* TASK *
Copy every record exactly, and keep the pictures out.

•••

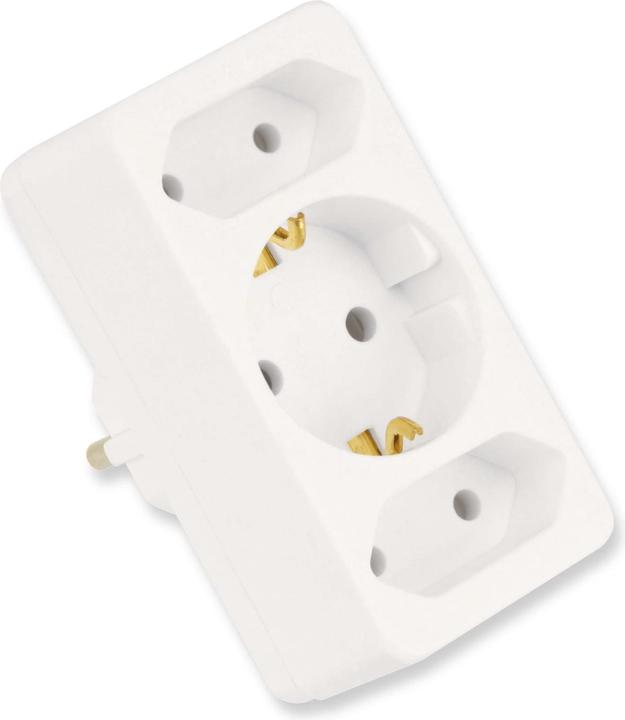 Produktbild Heitech Steckdosenadapter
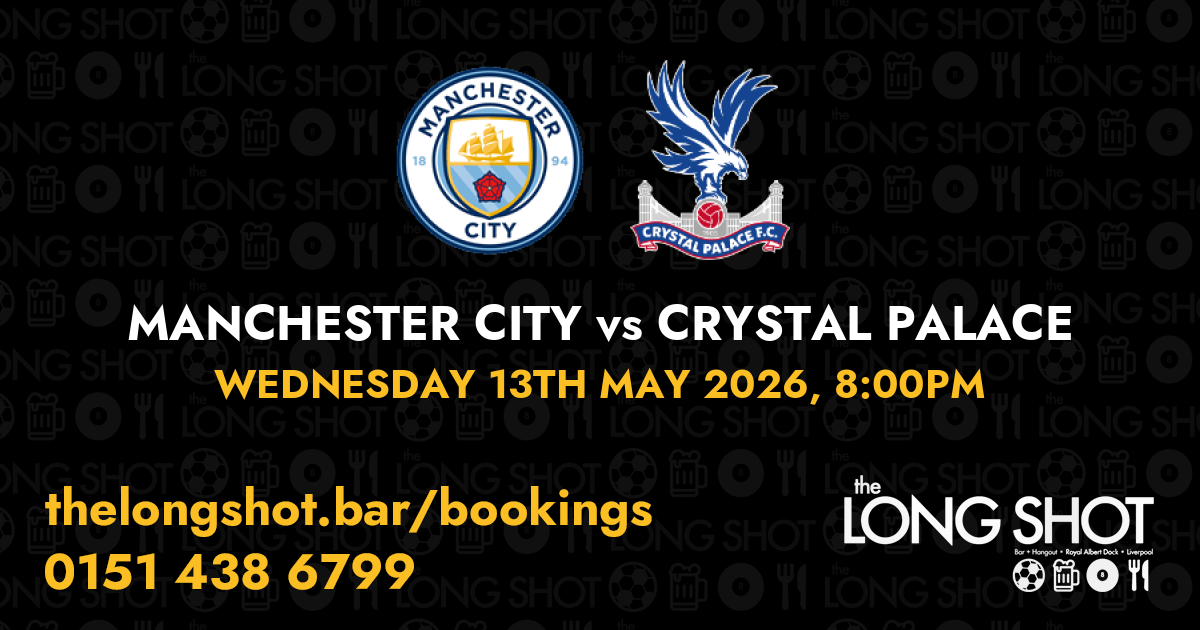 Manchester City vs Crystal Palace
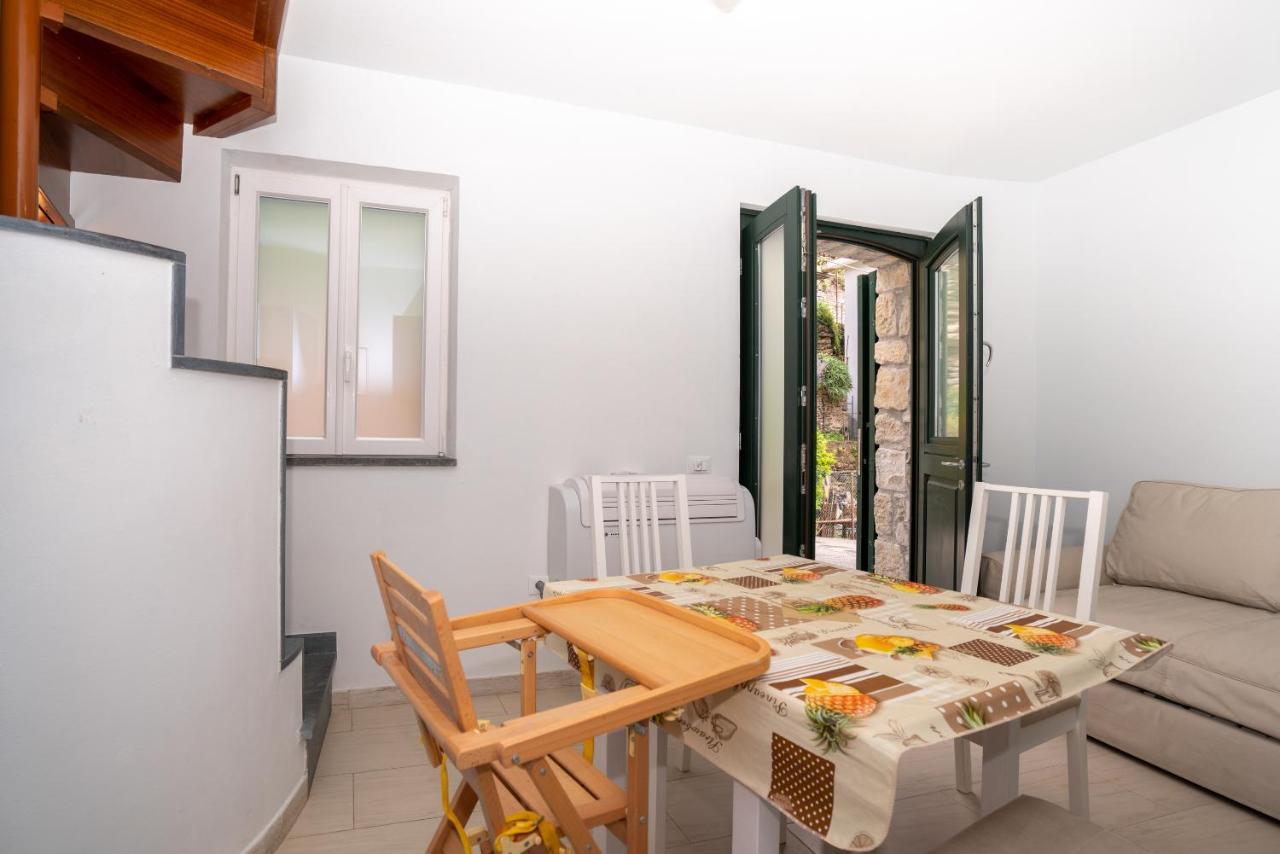 La Chiocciola Villa Manarola Bagian luar foto
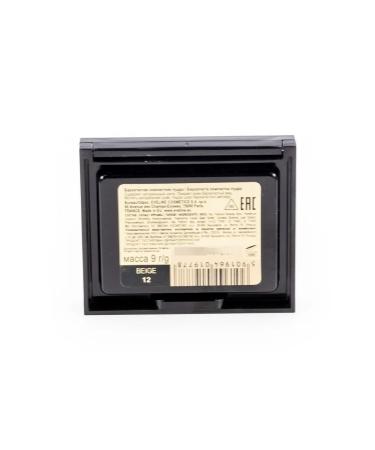 Eveline Cosmetics Evelyn Cosmetics Facial Powder Mating tone 12 9g - Buy Online on GoSupps.com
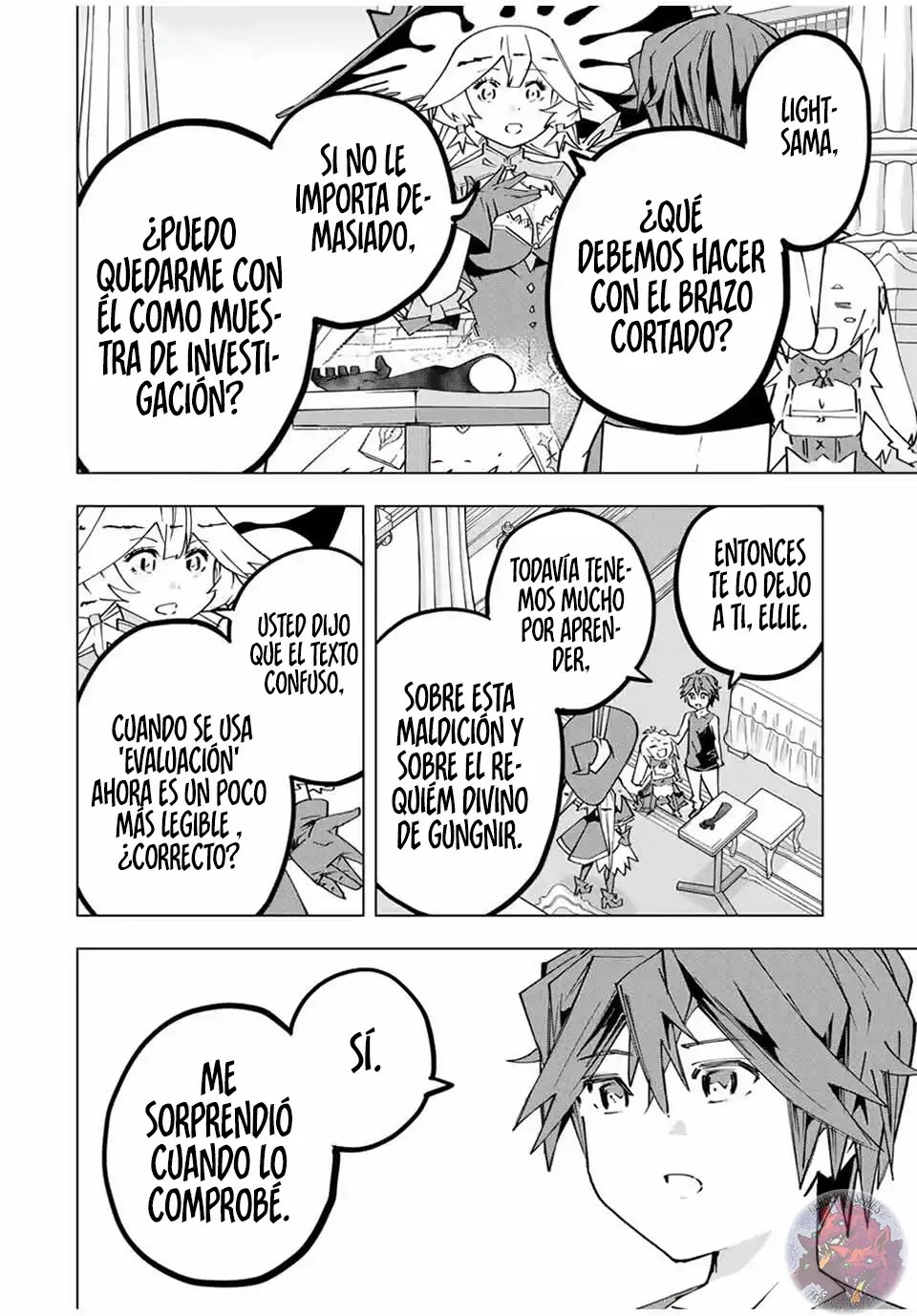 Read My Gift Lvl 9999 Unlimited Gacha ES Manga Online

•••

* REPLY TO THE TASK *
 Produktbild Heitech Steckdosenadapter
 Manchester City vs Crystal Palace
 La Chiocciola Villa Manarola Bagian luar foto
 Eveline Cosmetics Evelyn Cosmetics Facial Powder Mating tone 12 9g - Buy Online on GoSupps.com
 Read My Gift Lvl 9999 Unlimited Gacha ES Manga Online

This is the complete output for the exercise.